US cotton aid illegal, rules WTO
African cotton producers called on the US yesterday to speedily end subsidies to its cotton farmers, after the World Trade Organisation issued a final ruling that such aid - worth more than $12bn in the five years to 2003 - was illegal.
The WTO decision to reject an appeal by the US came in response to a complaint by Brazil. But it will increase pressure on rich countries - the European Union as well as the US - to dismantle their entire structure of subsidies on farm products, that hurts cheaper Third World producers, in particular in Africa. The EU is appealing against an analogous WTO ruling last autumn, against the subsidies it pays sugar producers.
The US, the world's second largest cotton producer and largest exporter, could now face sanctions from Brazil and other cotton producers. But the signs last night were that it would take no immediate action to slash the annual $3bn (£1.6bn) assistance it provides for the 25,000 cotton producers. "Negotiation, not litigation, is the best way forward," a US spokesman said. Washington, he added, would study the final 300-page ruling from the WTO, and consult Congress and representatives of US farm groups.
In fact, suspicions are strong that the US will delay any action until the current four-year-old Doha round of trade liberalisation is complete. That may not be until the beginning of 2006 and possibly later still.
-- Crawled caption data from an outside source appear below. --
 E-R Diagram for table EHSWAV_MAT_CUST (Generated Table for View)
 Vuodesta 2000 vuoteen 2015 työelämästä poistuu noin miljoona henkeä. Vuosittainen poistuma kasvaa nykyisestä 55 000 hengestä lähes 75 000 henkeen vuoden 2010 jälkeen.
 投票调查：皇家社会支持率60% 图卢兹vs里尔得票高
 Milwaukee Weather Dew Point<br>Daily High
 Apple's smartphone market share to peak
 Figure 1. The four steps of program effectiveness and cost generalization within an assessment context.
Cotton has emerged as a key issue at the WTO, as the organisation tries to finalise a new global deal to slash subsidies, tariffs and other barriers to trade, and ease the plight of poor countries. Development economists insist that traditional aid flows from the rich world are more than cancelled out by the former's farm subsidies, which hit potential markets for subsistence farmers in Africa, Latin America and Asia.
Samuel Amehou, the ambassador to the WTO of cotton-producing Benin, said: "The WTO verdict confirms that these subsidies are not fair and must be phased out in a very, very short time."
Despite issuing repeated calls for a more equitable world trade system, the Bush administration raised subsidies for US cotton producers in its last major farm bill, in May 2002.